ウデ1本で新車を売りまくるエースセールスマンが洗車係の閑職に……すっかり様変わりした新車販売スタッフに求められる能力 (2/2ページ)

個人情報保護法の施行でセールススタッフの転職状況が変わった

 しかし、個人情報保護法が施行されると、顧客データを勝手に転職先に持ち出すことができなくなった。ベテランとはいえ新天地でなじみ客もいないなかで新車を売るのでは、迎え入れるディーラーのメリットもなくなるので、いまではセールススタッフは同じディーラーに定着せざるをえない状況となっている。

 個人情報保護法が施行される直前までは、いわゆる「全体主義(スタッフみんなで仲良く新車を売っていきましょうというようなノリ)」を重んじるようになった日本メーカー系新車ディーラーから、まだまだ歩合給も良い一部輸入車系ディーラーへ流れる動きが目立った。セールススタッフはサラリーマンであり、店舗内には所長(店長)や課長、係長などの上下関係もあるが、基本は一匹狼的なスタイルの仕事が、昭和ではとくに主流であった。

 注文台数をあげてきてナンボ、販売実績だけがモノを言う世界に憧れて新車販売の世界に入ってくる人も多かった(当時は粗利も人事考課の対象になっていたようだが……)。1970年代の新車販売ディーラー網の創成期は、新車を買うこと自体かなりの「ぜいたくな買い物」であったので、店頭売りなどはほとんどなく、新車が欲しい人の自宅を訪ね、アポなしの飛び込み営業をするのが主流であった。そのため、それまで宝飾関係の訪問販売をしていたなど、まさに腕に覚えありといった訪問販売のつわものが、高い歩合給につられて新車販売の世界の門をくぐった。バブル経済のころの新車ディーラーの役員といえば、各種訪問販売のプロの巣窟のようであったと聞いたことがある。

 タクシー運転士もそうだが、日本ではかつて稼げた仕事が社会の変化などで、稼ぎにくい仕事になってしまったケースが意外なほど多い。新車販売の世界もサラリーマン化が進み、稼ぎにくい仕事になってしまったと筆者はみている。「プロ」とか「職人気質」と呼ばれる仕事がどんどん減っていっているようにも見える。

 騒動となっている大手買い取り&中古車販売店で働く人のなかにも、高い歩合給に憧れて入社してきた人は少なくないように見える。
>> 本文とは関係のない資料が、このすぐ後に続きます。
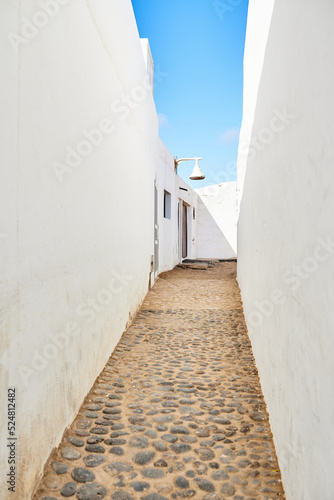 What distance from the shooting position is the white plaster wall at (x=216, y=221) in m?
18.4

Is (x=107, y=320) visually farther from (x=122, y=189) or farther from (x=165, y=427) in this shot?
(x=122, y=189)

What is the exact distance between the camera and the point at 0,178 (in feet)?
5.47

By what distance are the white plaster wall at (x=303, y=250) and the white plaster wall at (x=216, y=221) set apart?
1583cm

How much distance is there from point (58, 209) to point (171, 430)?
1880mm

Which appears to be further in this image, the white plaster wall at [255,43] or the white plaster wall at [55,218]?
the white plaster wall at [255,43]

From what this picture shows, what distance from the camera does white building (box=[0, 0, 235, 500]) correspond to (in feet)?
5.90

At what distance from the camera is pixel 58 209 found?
95.3 inches

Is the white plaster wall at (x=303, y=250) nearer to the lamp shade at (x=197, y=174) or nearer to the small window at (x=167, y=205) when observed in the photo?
the small window at (x=167, y=205)

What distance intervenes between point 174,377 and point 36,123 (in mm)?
2754

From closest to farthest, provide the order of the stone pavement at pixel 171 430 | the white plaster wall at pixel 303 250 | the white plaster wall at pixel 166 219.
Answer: the white plaster wall at pixel 303 250 < the stone pavement at pixel 171 430 < the white plaster wall at pixel 166 219

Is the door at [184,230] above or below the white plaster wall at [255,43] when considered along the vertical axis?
below

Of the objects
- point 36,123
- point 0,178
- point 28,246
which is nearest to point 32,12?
point 36,123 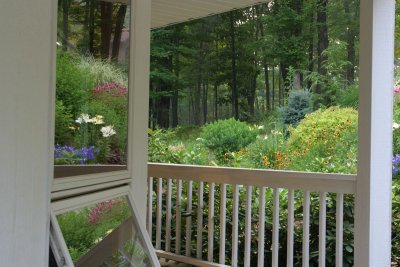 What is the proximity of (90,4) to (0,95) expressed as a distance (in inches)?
29.7

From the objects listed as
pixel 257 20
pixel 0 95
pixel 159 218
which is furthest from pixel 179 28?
pixel 0 95

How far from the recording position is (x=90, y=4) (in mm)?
1944

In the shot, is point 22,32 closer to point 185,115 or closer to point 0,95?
point 0,95

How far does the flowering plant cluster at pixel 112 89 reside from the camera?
6.72ft

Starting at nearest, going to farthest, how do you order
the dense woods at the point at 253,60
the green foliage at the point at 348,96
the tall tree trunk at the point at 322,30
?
the green foliage at the point at 348,96 < the dense woods at the point at 253,60 < the tall tree trunk at the point at 322,30

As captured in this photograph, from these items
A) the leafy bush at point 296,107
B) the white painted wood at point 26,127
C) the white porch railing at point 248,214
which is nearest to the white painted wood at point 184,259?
the white porch railing at point 248,214

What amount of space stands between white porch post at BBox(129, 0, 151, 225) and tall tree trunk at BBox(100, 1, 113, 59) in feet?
0.66

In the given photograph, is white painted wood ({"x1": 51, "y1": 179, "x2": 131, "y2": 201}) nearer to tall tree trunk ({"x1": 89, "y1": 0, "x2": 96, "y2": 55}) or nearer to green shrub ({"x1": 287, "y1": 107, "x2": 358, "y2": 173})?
tall tree trunk ({"x1": 89, "y1": 0, "x2": 96, "y2": 55})

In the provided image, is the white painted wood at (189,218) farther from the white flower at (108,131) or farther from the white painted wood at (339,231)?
the white flower at (108,131)

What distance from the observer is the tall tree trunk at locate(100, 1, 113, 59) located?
205cm

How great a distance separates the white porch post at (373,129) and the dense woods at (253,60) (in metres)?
5.44

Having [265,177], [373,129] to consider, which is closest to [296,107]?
[265,177]

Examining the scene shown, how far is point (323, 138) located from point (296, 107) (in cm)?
172

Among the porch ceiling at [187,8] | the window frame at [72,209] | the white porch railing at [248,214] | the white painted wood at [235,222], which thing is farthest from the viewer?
the porch ceiling at [187,8] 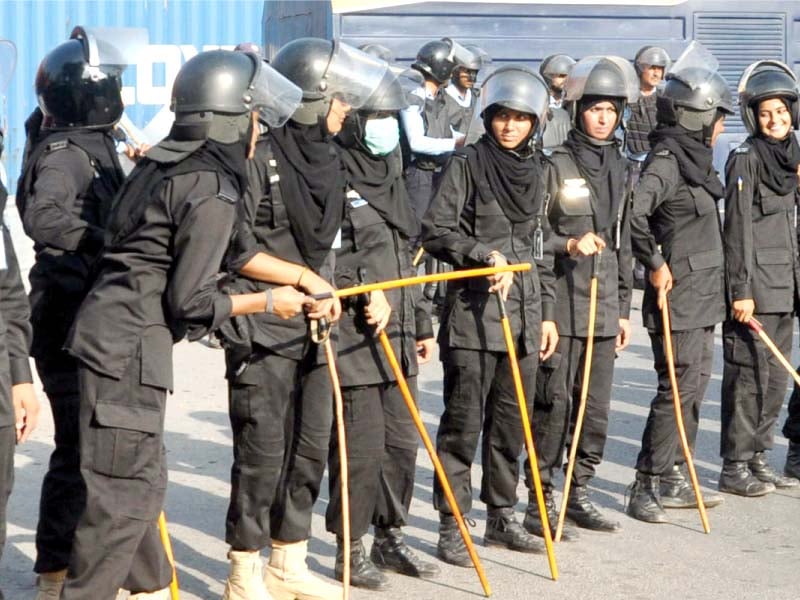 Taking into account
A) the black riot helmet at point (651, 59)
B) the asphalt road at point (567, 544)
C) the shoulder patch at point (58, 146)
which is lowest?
the asphalt road at point (567, 544)

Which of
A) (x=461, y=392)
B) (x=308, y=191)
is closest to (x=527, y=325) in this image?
(x=461, y=392)

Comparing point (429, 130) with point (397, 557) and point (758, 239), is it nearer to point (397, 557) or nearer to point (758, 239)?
point (758, 239)

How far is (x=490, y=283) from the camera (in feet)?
20.4

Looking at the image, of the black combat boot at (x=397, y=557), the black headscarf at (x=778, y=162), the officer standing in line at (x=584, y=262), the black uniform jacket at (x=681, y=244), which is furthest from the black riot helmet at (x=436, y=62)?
the black combat boot at (x=397, y=557)

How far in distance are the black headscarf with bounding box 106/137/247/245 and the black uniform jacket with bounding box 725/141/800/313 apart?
353 centimetres

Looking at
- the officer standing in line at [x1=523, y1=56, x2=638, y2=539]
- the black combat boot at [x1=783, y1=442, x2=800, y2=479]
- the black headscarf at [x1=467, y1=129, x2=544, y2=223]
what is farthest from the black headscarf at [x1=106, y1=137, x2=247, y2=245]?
the black combat boot at [x1=783, y1=442, x2=800, y2=479]

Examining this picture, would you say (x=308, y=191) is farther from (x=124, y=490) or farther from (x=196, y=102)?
(x=124, y=490)

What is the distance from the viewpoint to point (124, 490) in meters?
4.56

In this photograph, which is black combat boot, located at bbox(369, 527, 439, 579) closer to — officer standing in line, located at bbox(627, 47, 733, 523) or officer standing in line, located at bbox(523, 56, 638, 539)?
officer standing in line, located at bbox(523, 56, 638, 539)

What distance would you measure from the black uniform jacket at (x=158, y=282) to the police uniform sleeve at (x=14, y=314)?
0.33 meters

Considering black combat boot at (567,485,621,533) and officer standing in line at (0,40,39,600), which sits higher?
officer standing in line at (0,40,39,600)

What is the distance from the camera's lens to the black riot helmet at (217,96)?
4688 mm

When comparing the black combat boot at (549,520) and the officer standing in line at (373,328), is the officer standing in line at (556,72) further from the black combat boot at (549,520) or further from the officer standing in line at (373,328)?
the officer standing in line at (373,328)

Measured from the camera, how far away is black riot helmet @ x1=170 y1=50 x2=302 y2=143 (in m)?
4.69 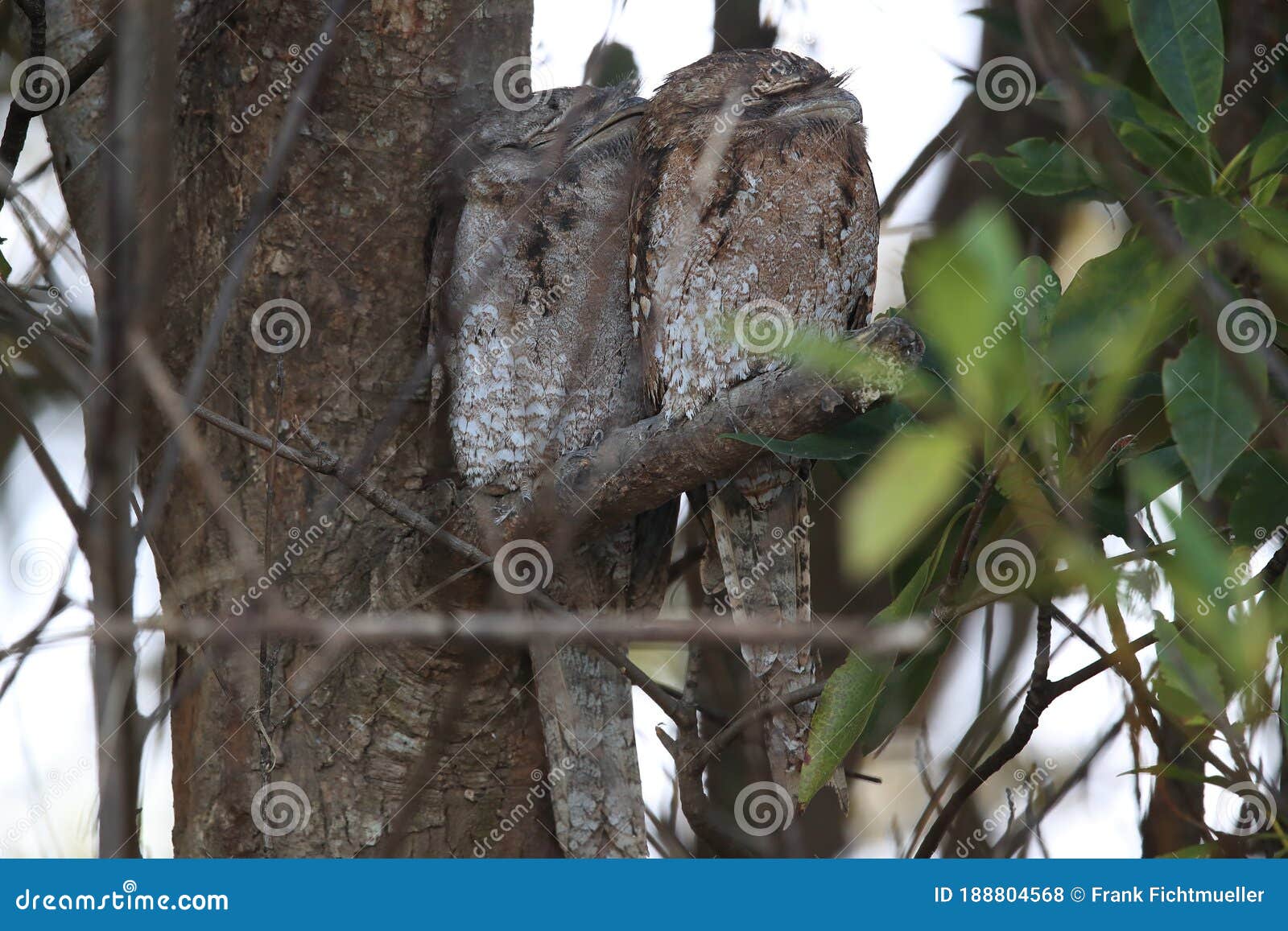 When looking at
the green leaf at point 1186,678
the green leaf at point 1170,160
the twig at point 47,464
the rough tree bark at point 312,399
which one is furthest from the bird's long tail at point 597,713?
the green leaf at point 1170,160

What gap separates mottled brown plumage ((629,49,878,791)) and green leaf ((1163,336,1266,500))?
681 mm

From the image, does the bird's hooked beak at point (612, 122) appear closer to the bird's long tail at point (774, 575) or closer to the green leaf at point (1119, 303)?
the bird's long tail at point (774, 575)

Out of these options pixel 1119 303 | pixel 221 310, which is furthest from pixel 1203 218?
pixel 221 310

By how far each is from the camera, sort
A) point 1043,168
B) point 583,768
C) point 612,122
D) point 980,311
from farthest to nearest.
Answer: point 612,122 < point 583,768 < point 1043,168 < point 980,311

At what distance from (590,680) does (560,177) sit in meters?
0.91

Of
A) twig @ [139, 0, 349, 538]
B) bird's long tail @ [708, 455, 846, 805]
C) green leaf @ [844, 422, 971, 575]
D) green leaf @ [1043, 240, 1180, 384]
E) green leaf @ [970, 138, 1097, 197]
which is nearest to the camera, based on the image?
green leaf @ [844, 422, 971, 575]

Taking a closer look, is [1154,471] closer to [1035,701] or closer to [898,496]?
[1035,701]

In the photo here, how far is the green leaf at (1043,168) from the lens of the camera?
139cm

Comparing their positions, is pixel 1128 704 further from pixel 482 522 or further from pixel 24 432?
pixel 24 432

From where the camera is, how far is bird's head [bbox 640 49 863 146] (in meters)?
1.73

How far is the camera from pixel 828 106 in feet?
5.62

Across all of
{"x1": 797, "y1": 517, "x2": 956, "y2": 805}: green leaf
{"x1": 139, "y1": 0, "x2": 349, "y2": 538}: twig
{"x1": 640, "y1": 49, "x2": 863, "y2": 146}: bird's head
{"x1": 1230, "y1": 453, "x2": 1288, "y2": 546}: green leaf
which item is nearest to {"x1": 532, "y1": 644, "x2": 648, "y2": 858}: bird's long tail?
{"x1": 797, "y1": 517, "x2": 956, "y2": 805}: green leaf

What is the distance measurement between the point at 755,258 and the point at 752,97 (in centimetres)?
28

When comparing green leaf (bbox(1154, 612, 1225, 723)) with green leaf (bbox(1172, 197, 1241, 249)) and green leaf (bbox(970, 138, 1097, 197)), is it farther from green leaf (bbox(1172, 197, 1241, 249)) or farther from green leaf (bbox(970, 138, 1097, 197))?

いろいろなトピックを聞くと「ブラック企業」のイメージはぬぐえないが、聞く限りでは数千万円の年収の社員もいたとのこと。

 それでも、体制に疑問や不満を持っていた社員や元社員が告発し、世間も報道を聞いて問題視したからこのような事態になったのだが……。

 たらればの話はしたくないが、全国的に、そしてここまでエキセントリックに数々の問題が噴出しなかったら(法的にも倫理的にも問題を指摘されるようなことがなかったら)、状況が違っていたのはあえていうまでもないだろう。